基本上,我有一个 GUI,它接受域、关键字、标签名称等参数,我想创建一个通用蜘蛛来抓取这些域中的那些标签中的关键字.我使用旧版本的scrapy,通过覆盖蜘蛛管理器类或动态创建蜘蛛,阅读了相互矛盾的内容.哪种方法是首选,我如何实施和调用正确的解决方案?提前致谢.

Basically, I have GUI that takes parameters like domain, keywords, tag names, etc. and I want to create a generic spider to crawl those domains for those keywords in those tags. I've read conflicting things, using older versions of scrapy, by either overriding the spider manager class or by dynamically creating a spider. Which method is preferred and how do I implement and invoke the proper solution? Thanks in advance.

这是我想要通用的代码.它还使用 BeautifulSoup.我把它配对了,所以希望没有删除任何对理解它至关重要的东西.

Here is the code that I want to make generic. It also uses BeautifulSoup. I paired it down so hopefully didn't remove anything crucial to understand it.

class MySpider(CrawlSpider):

name = 'MySpider'
allowed_domains = ['somedomain.com', 'sub.somedomain.com']
start_urls = ['http://www.somedomain.com']

rules = (
    Rule(SgmlLinkExtractor(allow=('/pages/', ), deny=('', ))),

    Rule(SgmlLinkExtractor(allow=('/2012/03/')), callback='parse_item'),
)

def parse_item(self, response):
    contentTags = []

    soup = BeautifulSoup(response.body)

    contentTags = soup.findAll('p', itemprop="myProp")

    for contentTag in contentTags:
        matchedResult = re.search('Keyword1|Keyword2', contentTag.text)
        if matchedResult:
            print('URL Found: ' + response.url)

    pass

推荐答案

我使用 Scrapy Extensions 方法将Spider 类扩展到一个名为 Masterspider 的类,其中包含一个通用解析器.

I use the Scrapy Extensions approach to extend the Spider class to a class named Masterspider that includes a generic parser.

下面是我的通用扩展解析器的简短"版本.请注意,您需要在开始工作后立即使用 Javascript 引擎(例如 Selenium 或 BeautifulSoup)实现渲染器在使用 AJAX 的页面上.还有很多额外的代码来管理站点之间的差异(基于列标题的废料、处理相对和长 URL、管理不同类型的数据容器等......).

Below is the very "short" version of my generic extended parser. Note that you'll need to implement a renderer with a Javascript engine (such as Selenium or BeautifulSoup) a as soon as you start working on pages using AJAX. And a lot of additional code to manage differences between sites (scrap based on column title, handle relative vs long URL, manage different kind of data containers, etc...).

Scrapy 扩展方法的有趣之处在于,如果某些东西不适合,您仍然可以覆盖通用解析器方法,但我从来没有必要这样做.Masterspider 类检查是否在特定于站点的蜘蛛类下创建了某些方法(例如 parser_start、next_url_parser...)以允许特定的管理:发送表单、从页面中的元素构造 next_url 请求等.

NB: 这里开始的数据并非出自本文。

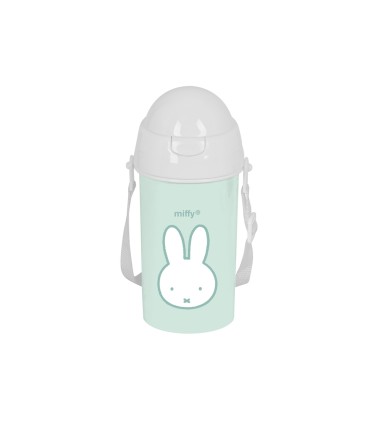 Botella portaliquidos safta 500 ml apertura automatica con pajita miffy menta 195x73x73 mm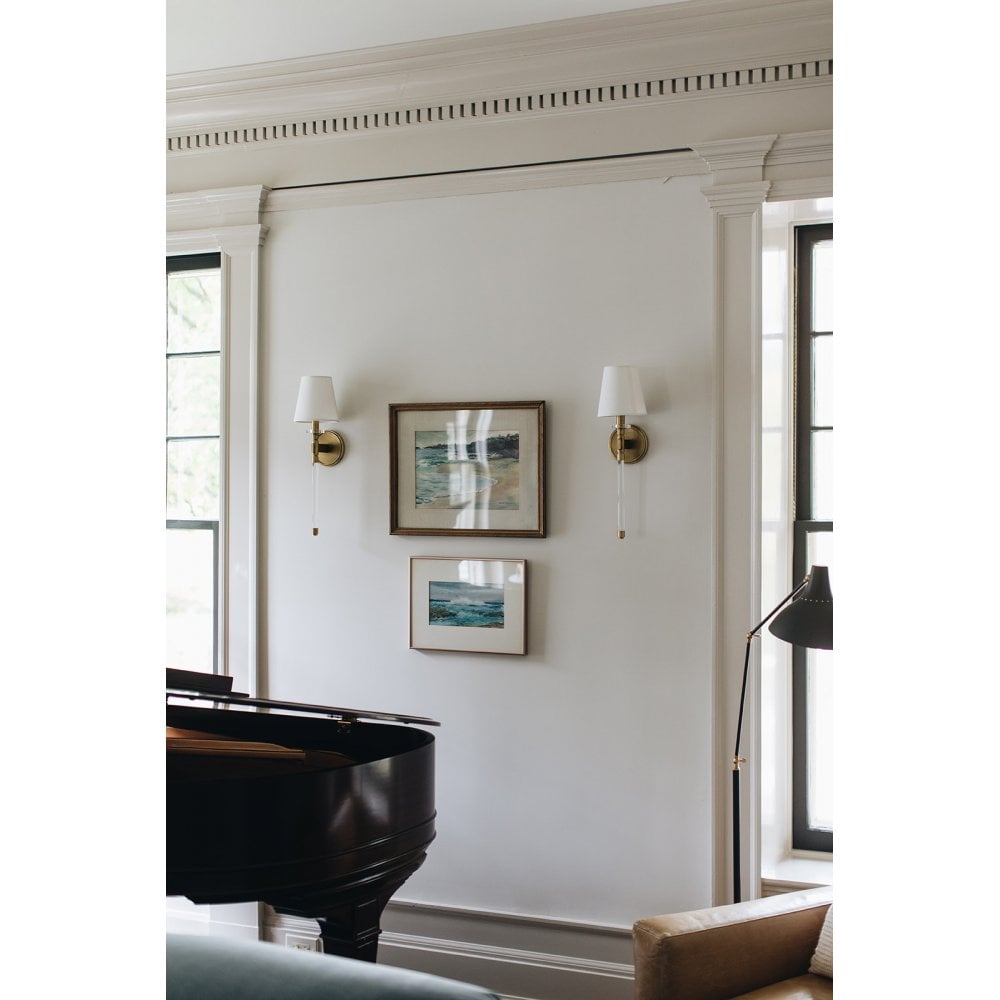 Hudson Valley Blixen 1 Light Wall Sconce Light - Aged Brass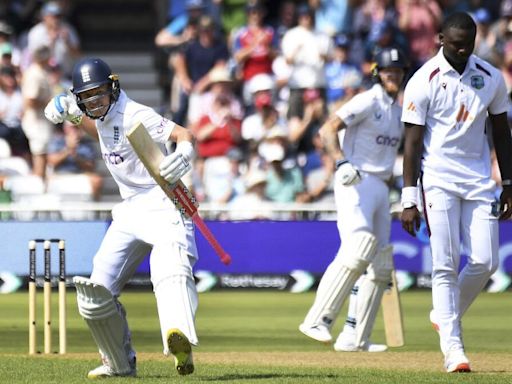 Ton-up Pope leads England to 416 all out against West Indies in second Test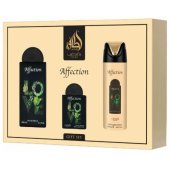 _8328131 Lattafa Affection rinkinys EdP 100ml + EdP 20ml + dezodorantas 200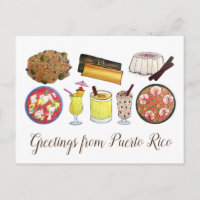Grüße aus Puerto Rico Karibik Island Foods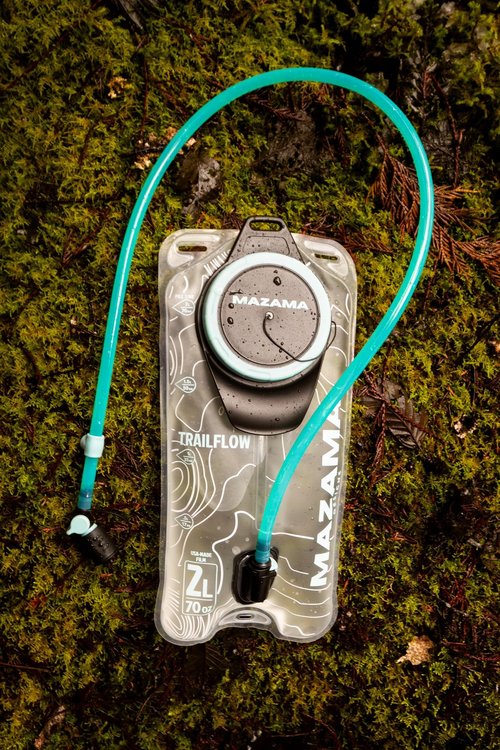 The Trailflow-88 Hydration Bladder by Mazama Designs. Leakproof, Easy to Clean and Fill Water Reservoir, BPA-Free, Fits Most Hydration Backpacks. Great for Running, Hiking, Camping, Cycling. (3L)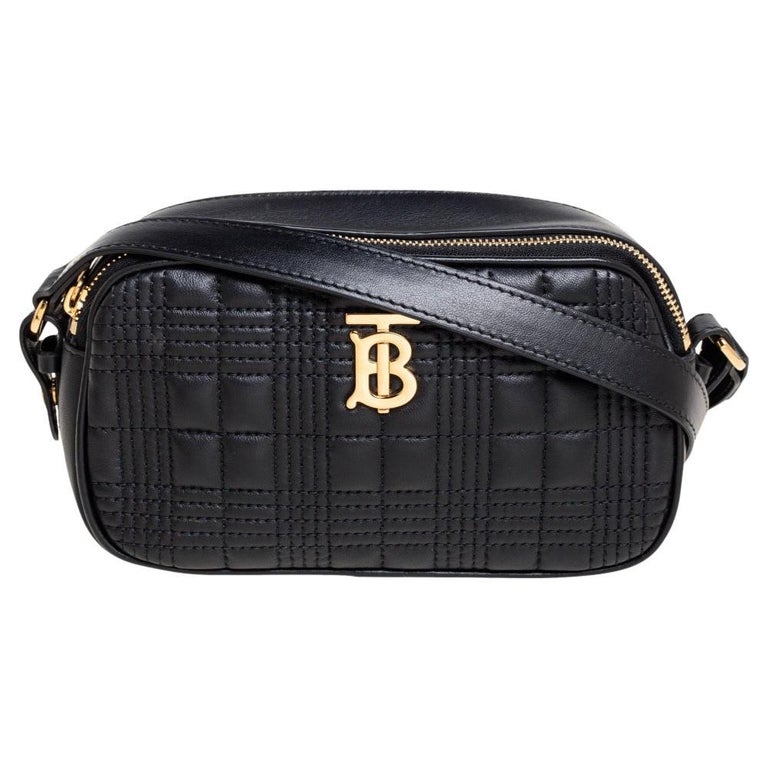 Burberry Black Leather Small Lola Crossbody Bag at 1stDibs
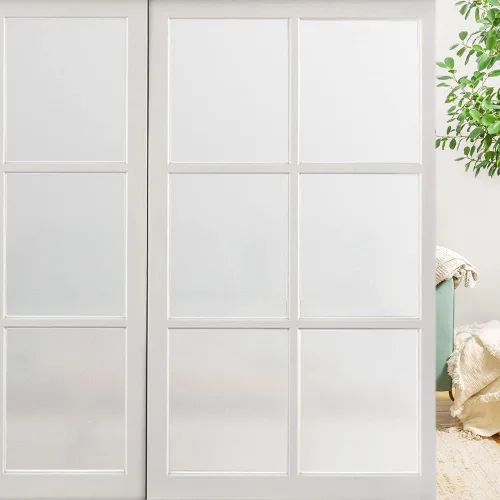 Miniatura 7 de Película de privacidad para ventana LEMON CLOUD, película de vidrio esmerilado para ventana, película de privacidad para puerta de vidrio, adhesivos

What is interresting with the Scrapy Extension approach is that you can still override the generic parser method if something does not fit but I never had to. The Masterspider class checks if some methods have been created (eg. parser_start, next_url_parser...) under the site specific spider class to allow the management of specificies: send a form, construct the next_url request from elements in the page, etc.

当我抓取非常不同的网站时,总是有特殊性需要管理.这就是为什么我更喜欢为每个抓取的站点保留一个类,以便我可以编写一些特定的方法来处理它(预处理/后处理,除了流水线、请求生成器......).

As I'm scraping very different sites, there's always specificities to manage. That's why I prefer to keep a class for each scraped site so that I can write some specific methods to handle it (pre-/post-processing except PipeLines, Request generators...).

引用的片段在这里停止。